PROBLEM STATEMENT >>
Make an exact copy of the records, dropping all pictures.

Segment Start: DATA FOR THIS TASK

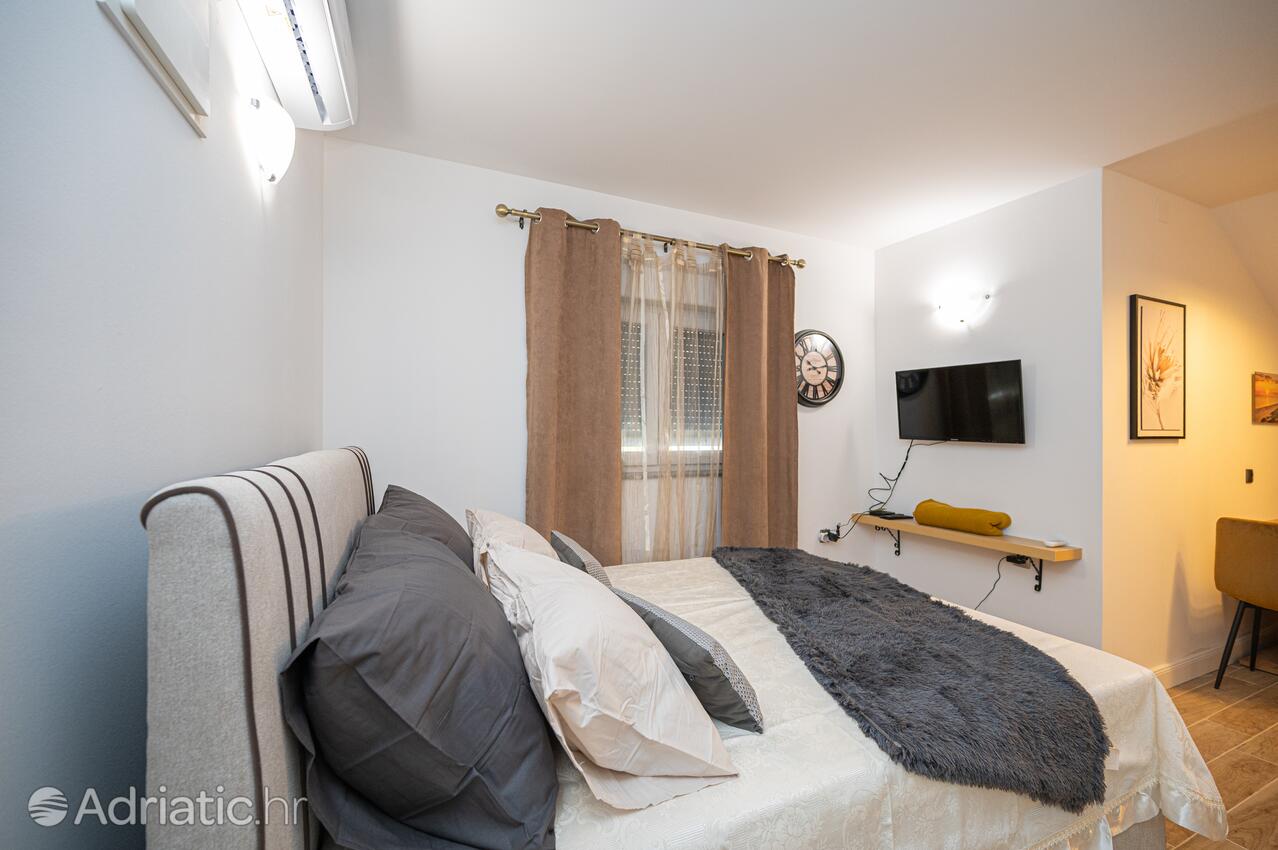 AS-16188-a - Private accommodation - Apartments with a parking space Bibinje, Zadar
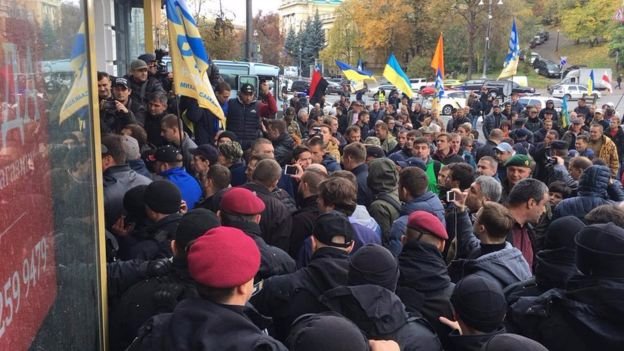 Під Верховною Радою встановили намети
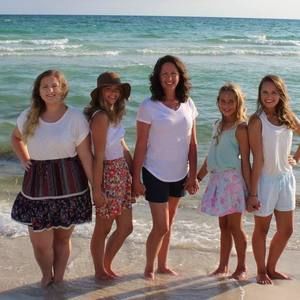 Meet your Posher, Diana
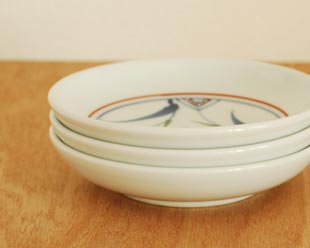 砥部焼・千山窯　上絵三方草の小皿(4寸)を重ねて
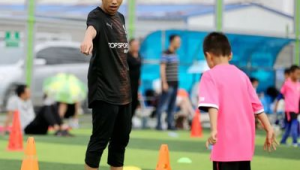 自己练习，能否踢出精彩：探索单练足球的可行之路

Segment End: DATA FOR THIS TASK

ANSWER FOR THIS EXERCISE >>
 AS-16188-a - Private accommodation - Apartments with a parking space Bibinje, Zadar
 Під Верховною Радою встановили намети
 Meet your Posher, Diana
 砥部焼・千山窯　上絵三方草の小皿(4寸)を重ねて
 自己练习，能否踢出精彩：探索单练足球的可行之路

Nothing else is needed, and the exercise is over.